This is the first in a series I'll be posting as I listen and blog my way through Classic FM's Hall of Fame top 100.
My ambition to explore music that's over 30 years old will have to wait though, as number 100 is the soundtrack to Gladiator by Hans Zimmer, released in 2000. (The Hall of Fame is for popular classics, so I'm expecting to encounter lots of familiar pieces, including more film soundtracks. They refresh the Hall of Fame every year so I'm using the 2020 list, which actually counts down from 300, but I'm not starting all the way back there).
On my A-level Media Studies course we watched Gladiator, over the course of about two months. In an hour lesson we would get through maybe three minutes of the film. We dissected each scene, camera angle and dialogue, but we didn't pay much attention to the soundtrack. Still, it's firmly embedded in my memory.

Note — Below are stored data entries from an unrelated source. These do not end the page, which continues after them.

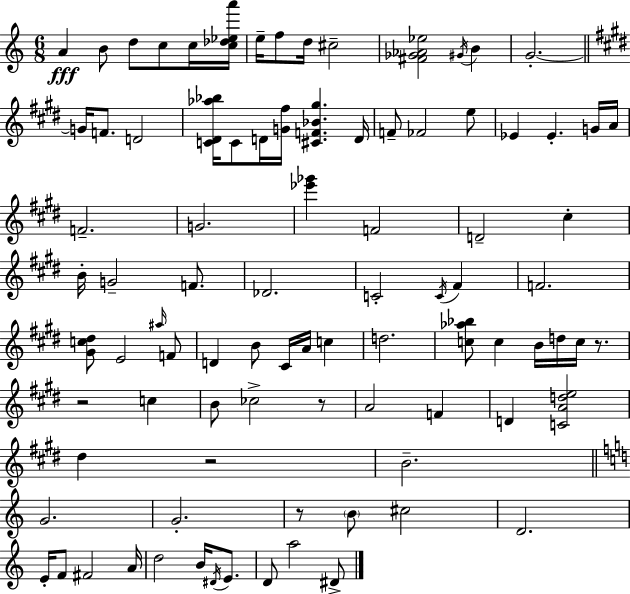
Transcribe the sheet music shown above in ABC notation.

X:1
T:Untitled
M:6/8
L:1/4
K:C
A B/2 d/2 c/2 c/4 [c_d_ea']/4 e/4 f/2 d/4 ^c2 [^F_G_A_e]2 ^G/4 B G2 G/4 F/2 D2 [C^D_a_b]/4 C/2 D/4 [G^f]/4 [^CF_B^g] D/4 F/2 _F2 e/2 _E _E G/4 A/4 F2 G2 [_e'_g'] F2 D2 ^c B/4 G2 F/2 _D2 C2 C/4 ^F F2 [^Gc^d]/2 E2 ^a/4 F/2 D B/2 ^C/4 A/4 c d2 [c_a_b]/2 c B/4 d/4 c/4 z/2 z2 c B/2 _c2 z/2 A2 F D [CAde]2 ^d z2 B2 G2 G2 z/2 B/2 ^c2 D2 E/4 F/2 ^F2 A/4 d2 B/4 ^D/4 E/2 D/2 a2 ^D/2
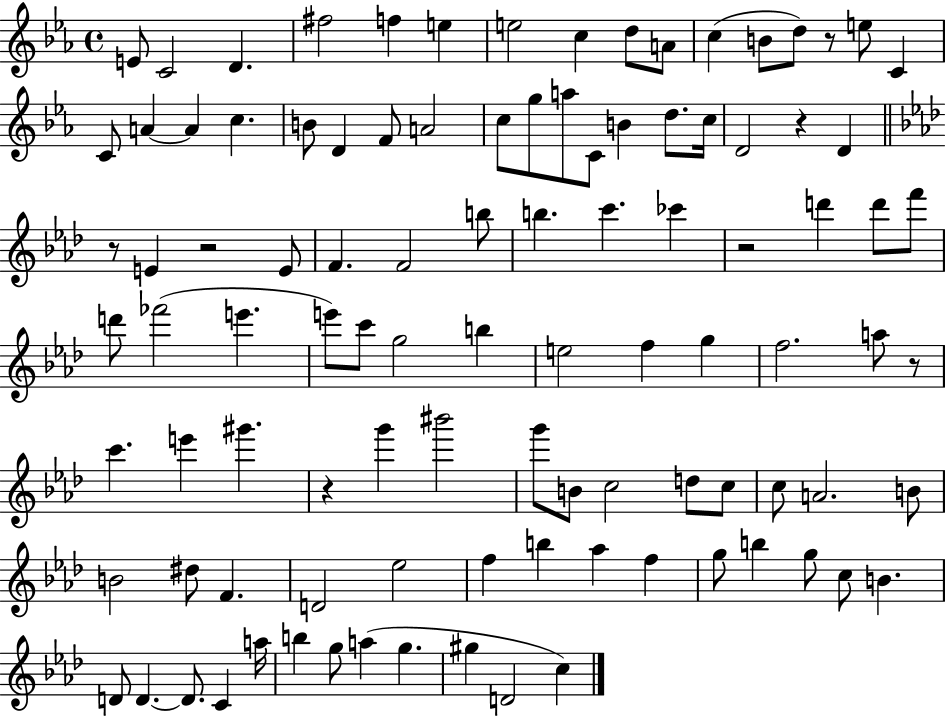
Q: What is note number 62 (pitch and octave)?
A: B4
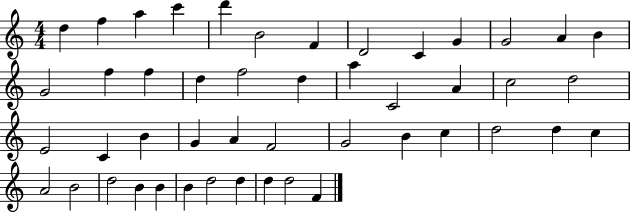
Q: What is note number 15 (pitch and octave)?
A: F5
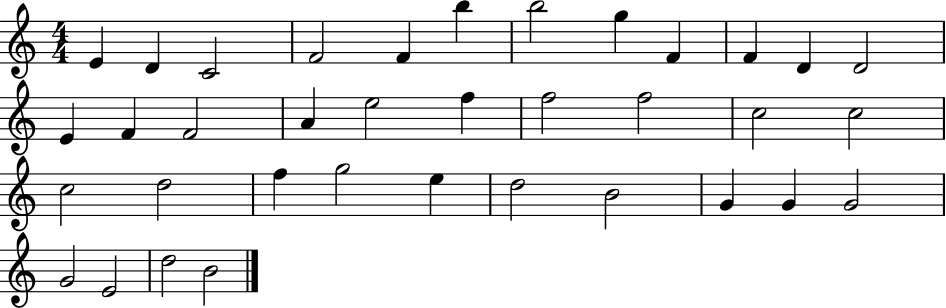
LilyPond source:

{
  \clef treble
  \numericTimeSignature
  \time 4/4
  \key c \major
  e'4 d'4 c'2 | f'2 f'4 b''4 | b''2 g''4 f'4 | f'4 d'4 d'2 | \break e'4 f'4 f'2 | a'4 e''2 f''4 | f''2 f''2 | c''2 c''2 | \break c''2 d''2 | f''4 g''2 e''4 | d''2 b'2 | g'4 g'4 g'2 | \break g'2 e'2 | d''2 b'2 | \bar "|."
}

Perhaps the most famous tracks from this score are the final pieces sung by Lisa Gerrard. She expresses so much without using any recognisable words - "I sing in the language of the Heart. It's an invented language that I've had for a very long time. I believe I started singing in it when I was about 12. Roughly that time. And I believed that I was speaking to God when I sang in that language."
In this concert Czarina Russell performs the part live. Along with her beautiful vocals, I love the tiny harp/zither that's featured.
The Classic FM Hall of fame is much less dominated by film music than this first instalment might suggest, but I remember watching Gladiator long before I was even aware of the mighty Hans, who according to Wikipedia, also scored Driving Miss Daisy entirely using synthesizers and samplers. There's a score that didn't feature in Mr. Zimmer made-for-Netflix live concert! Gladiator laid down the template for all cinematic epics since, not least of all Ramin Djawadi's soundtrack to Game Of Thrones, and was parodied to great effect in Arrested Development. On my command, rain hell!